The audience reflected the nature and the variety of presentations: one could find students from all faculties, designers and architects looking for new idea, multidisciplinary artists willing to share their projects. Given the fairly intimate and lively environment, the relation speaker- audience lost soon any traditional and formal unidirectional tone: the symposium was soon transformed in a very stimulating exchange.
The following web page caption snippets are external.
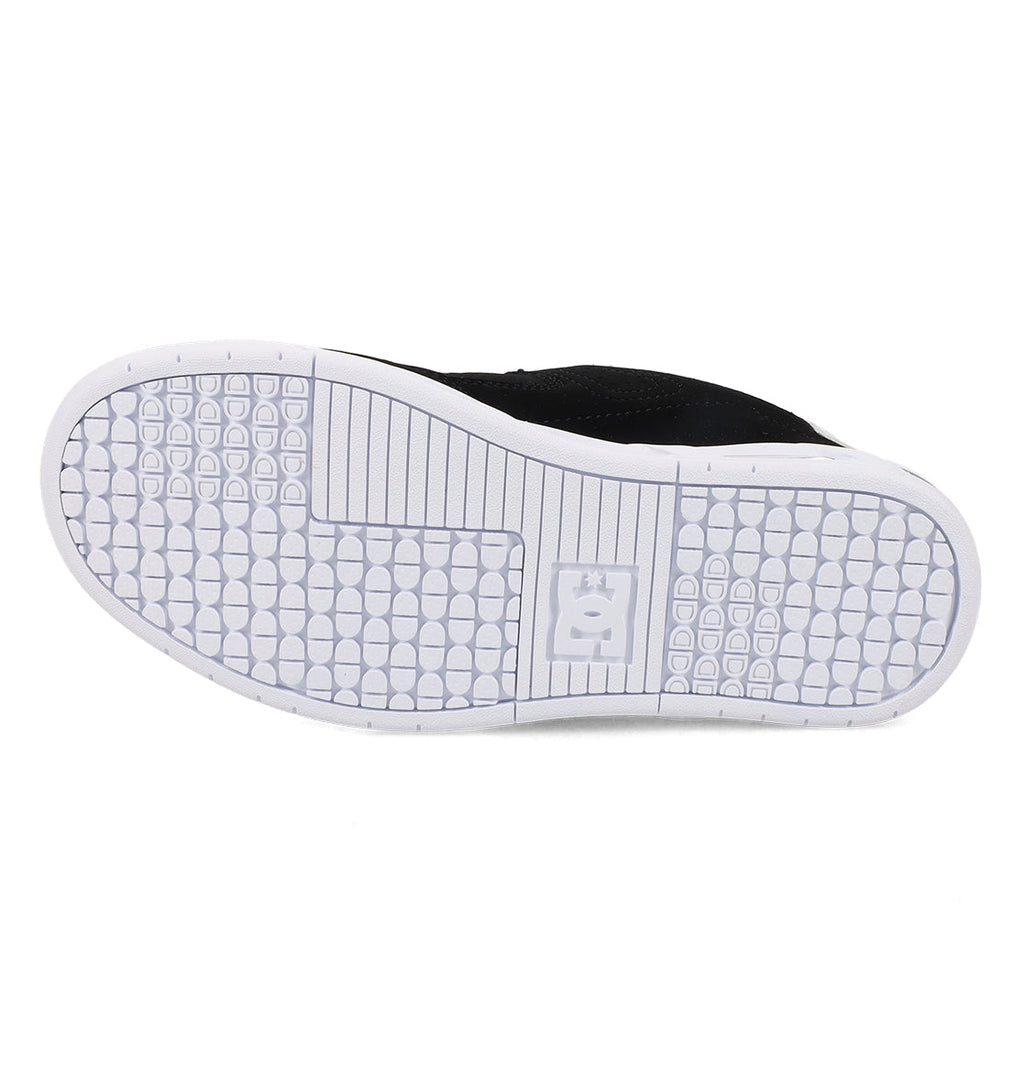 The image shows the white rubber sole of the Women’s Command Shoes by DC Shoes, featuring a textured grip pattern, signature cushioning for all-day comfort, and a small crown logo near the heel.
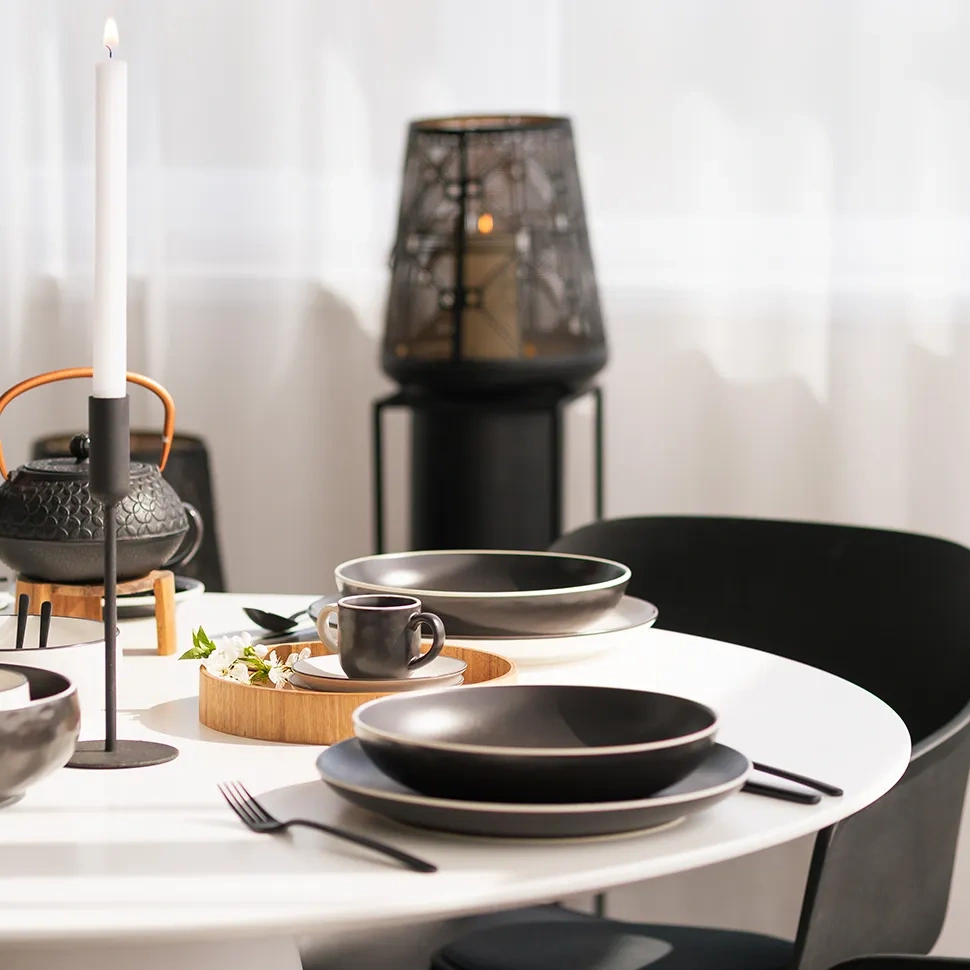 Table dressée avec de la porcelaine noire, une théière et une lanterne
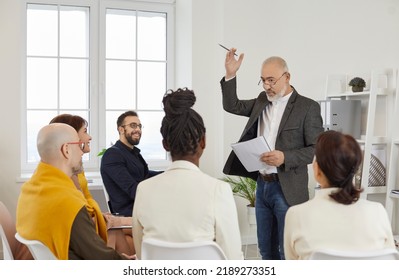 Experienced Mentor Communicating With People During Lecture Or Business Training. Coach Sharing Expertise With Team Of Multiracial Employees, Teaching How To Change Mindset, Inspiring To Achieve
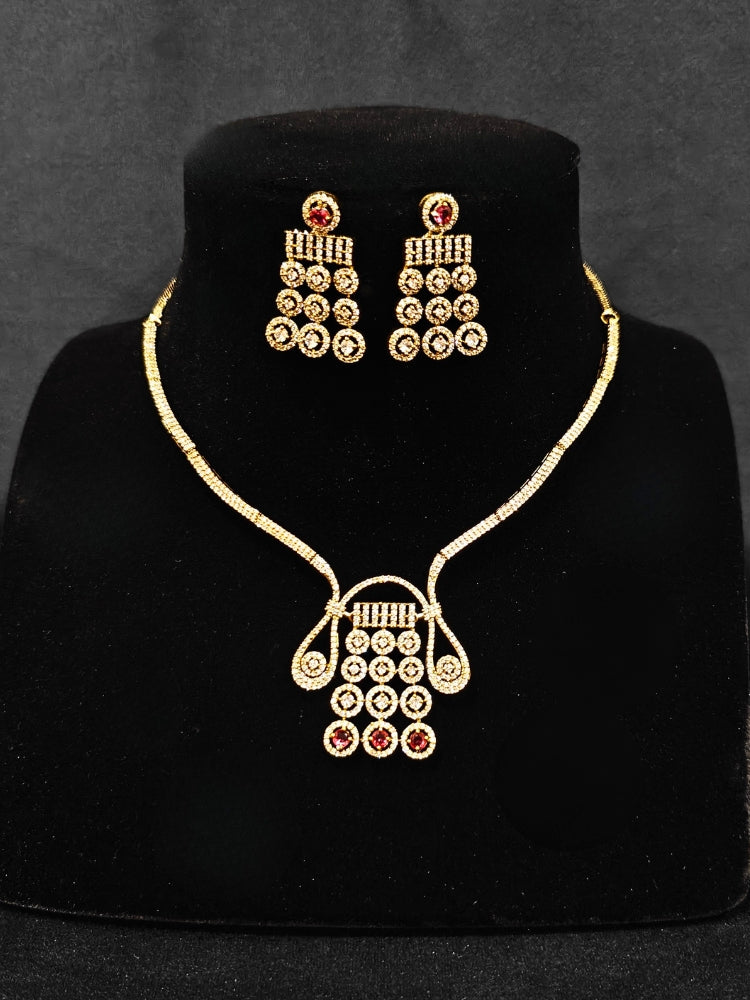 A luxurious artificial diamond necklace with red colored stone and matching earrings, perfect for high-profile wedding receptions and formal galas. This high-end artificial diamond jewelry set combines style, elegance, and affordability for special occasions.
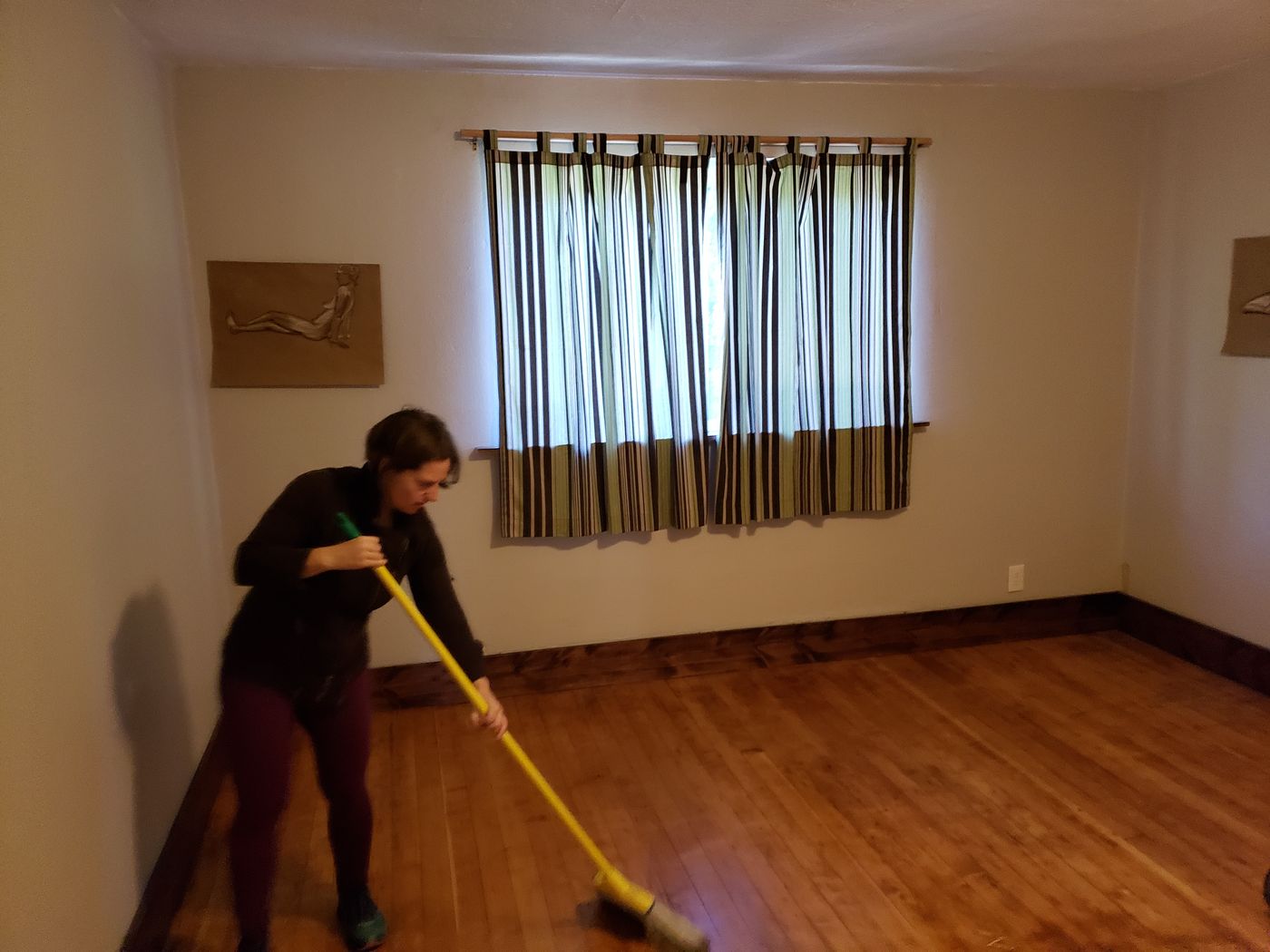 Crew member sweeping an empty room after a move-out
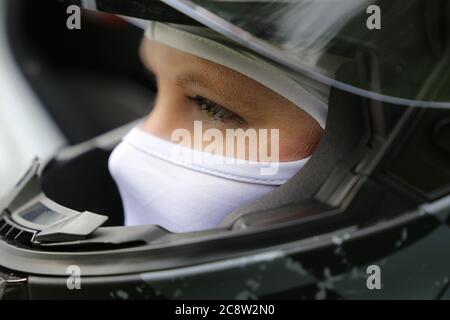 Symbolbild: Weibliche Rennwagenfahrerin trägt Helm und Sturmhaube (Model released) Stockfoto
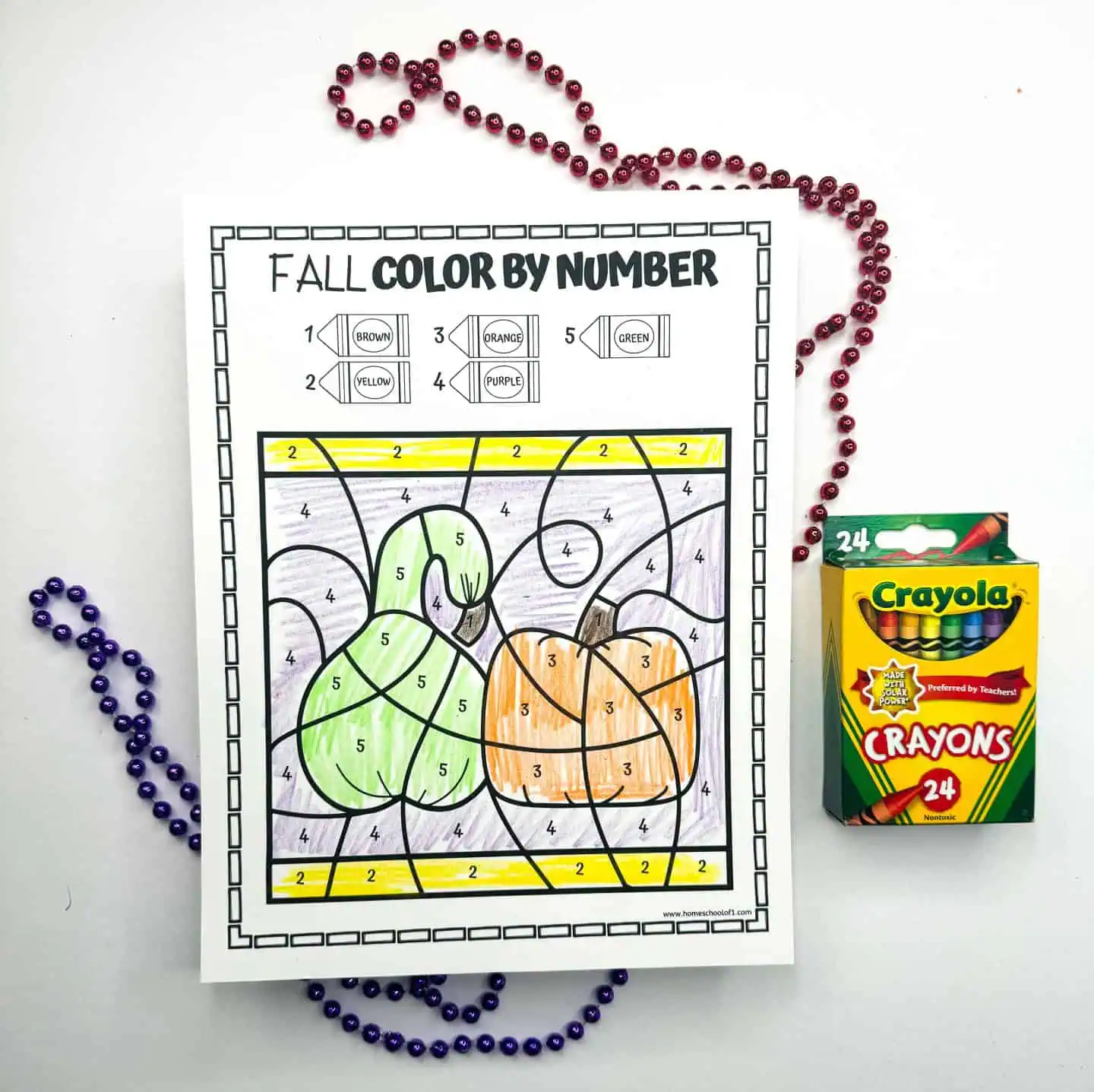 Color by number activity featuring plump pumpkins against a purple and red bead necklace background, with a Crayola crayons pack.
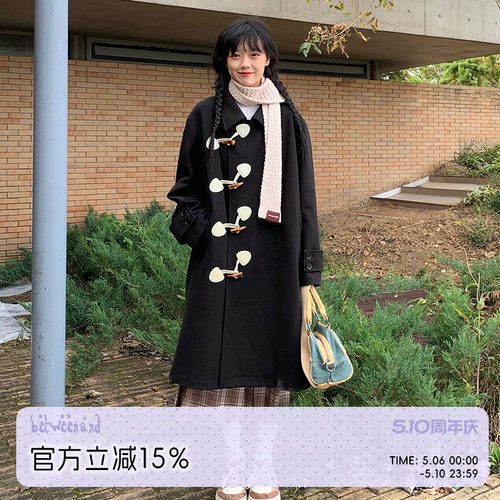 斜门襟黑色牛角扣呢大衣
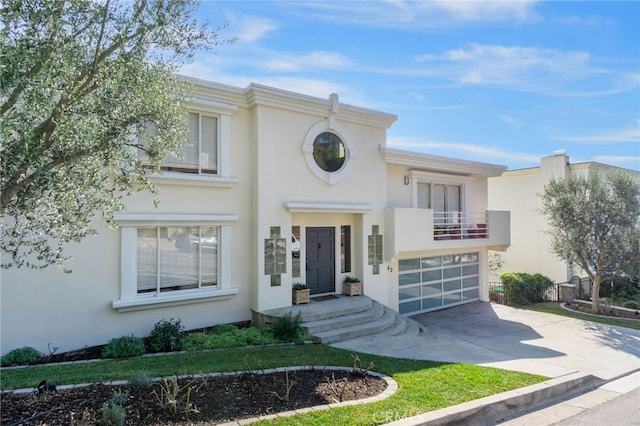 view of front facade with a garage and a balcony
Here are some examples of the topics proposed by the guests: Andrea Wollensack examined the relationship of “gesture, memory and notational traces of space within the context of GPS technology. Her most recent site projects (in Banff and Bellagio) showed how the use of GPS technology can be rethought as an aesthetical tool, if it is redirected to reveal the expressive visuality of place instead of limit its use for navigational and targeting purposes. The architect- artist Raphael Ozano explained how the use of technologies for site-specific installations applied to building facades and public spaces are able to involve and gather together a community (as in his 2000 project in Mexico City, Zocalo) and to unveil what is “behind” the buildings themselves. The Physicist Stephen Morris performed a practical demonstration to describe many laboratory examples of non-linear patterns formation in nature.
The intense symposium was accompanied by a few off-site events: an interactive exhibition at Interaccess Media Arts Centre featured works by the researcher and artist Richard Brown (Mimetic Starfish, whose tentacles extends to the viewers hands), who is investigating “art as a mode of enquiry” and the duo Alan Dunning and Paul Woodrow, who are involved in the examination of the world as a construct sustained through neurological processes contained within the brain (the Mnemonic Body, part of the Einstein Project, University of Calgary). The night presentation took a multicultural approach: non-western and western different views were examined in videos, web sites and documentaries to explain intercultural origins of the idea of zero and the binary and the relationship between immanent and transcendent virtuality.